In Peckham, one of several emerging districts in South London, a once-derelict structure has become a center or cutting-edge arts programming, driving a broader neighborhood revival.

December 04, 2016

Each summer, a multistory parking garage in Peckham, a fast-changing neighborhood in southeast London, becomes a wildly popular destination. But not as a place to stash your car.

In his latest Travel + Leisure video exploration of the cultural tribes of London (previous installments have included the skaters of Southbank Centre and the gallery scene in Bethnal Green), Carlos Carneiro of London Sessions documents an ongoing program of musical and theatrical performances, visual art, food, and drink created by the local nonprofit Bold Tendencies. Since its inception in 2007, the series has drawn nearly a million visitors and led to the commission of more than 80 works of art created specifically for the space. 

“We had been very interested in creating an opportunity for ambitious works of arts by emerging or lesser known artists,” explained Bold Tendencies' curator, Hannah Barry. When the group discovered the abandoned garage nearly a decade ago, she added, it “was a great opportunity to do that project.”

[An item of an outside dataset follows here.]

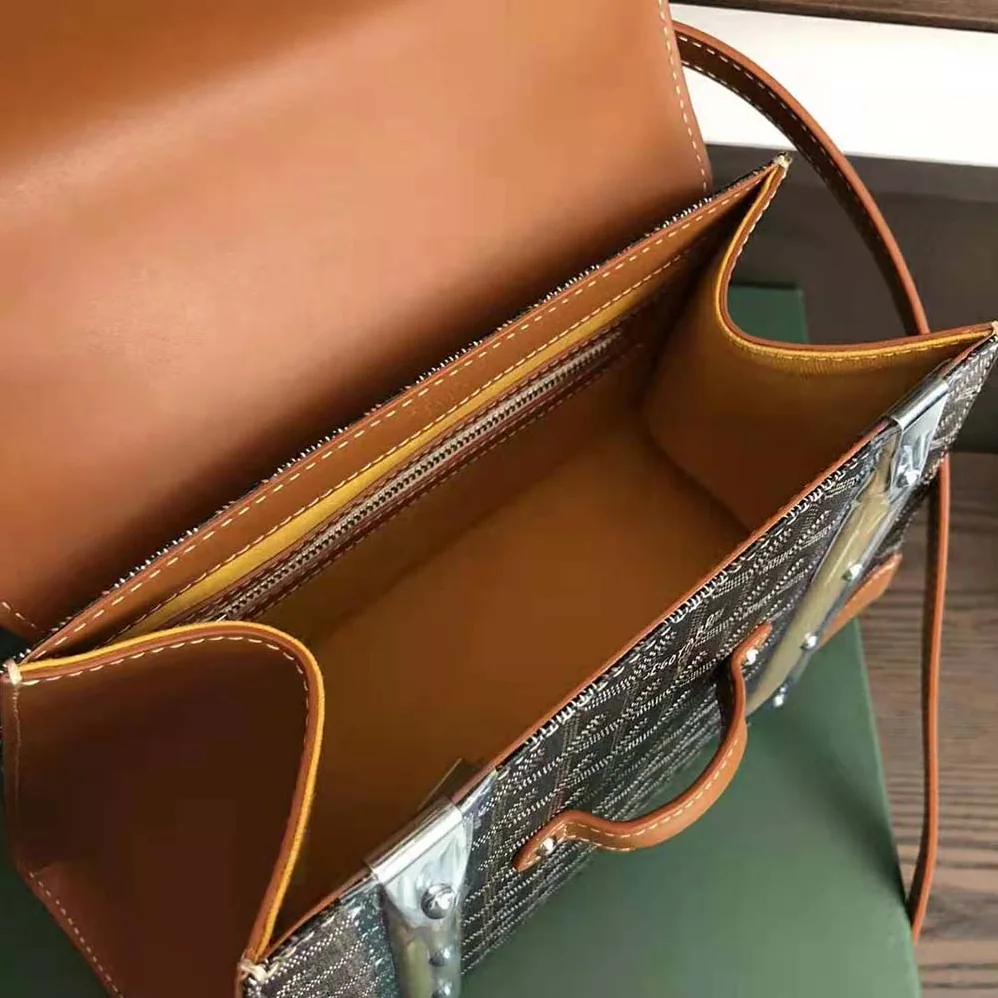 Goyard Sac Saïgon PM in Toile Goyardine & Clamecy Calfskin for Women in Brown Goyard Sac Saïgon PM in Toile Goyardine & Clamecy Calfskin for Women in Brown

To complete the multi-use space, Bold Tendencies commissioned the creation of Frank’s Café, which doubles as a design destination and a restaurant “where people can sit down and have a drink and stay longer,” Barry said. Small bites like olives and peanuts are coupled with quintessential English fare, like smoked aubergine with marinated Graceburn cheese on pita and sardines with tomatoes and oregano.

The program is just one aspect of a broader revival of Peckham, a once-grim enclave that is fast becoming a creative mecca. Another formerly derelict old building, previously a cricket-bat factory, now houses a thriving collective of artists and entrepreneurs. The district is also now home to one of London's buzziest food scenes. During the summer months, the car park is at the center of it all, drawing visitors with its orchestral and chamber music performances in the Hay Bale Auditorium. 

“Bold Tendencies has always been about a community,” said Sasha Morgan, who oversees the organization's education arm. “Peckham—and this bit of South London—is not the same, partly because we exist here.”

“We’re very excited about all the things that we hope we’re going to be able to achieve between now and when we open to the public [for the season] in May of 2017,” added Barry.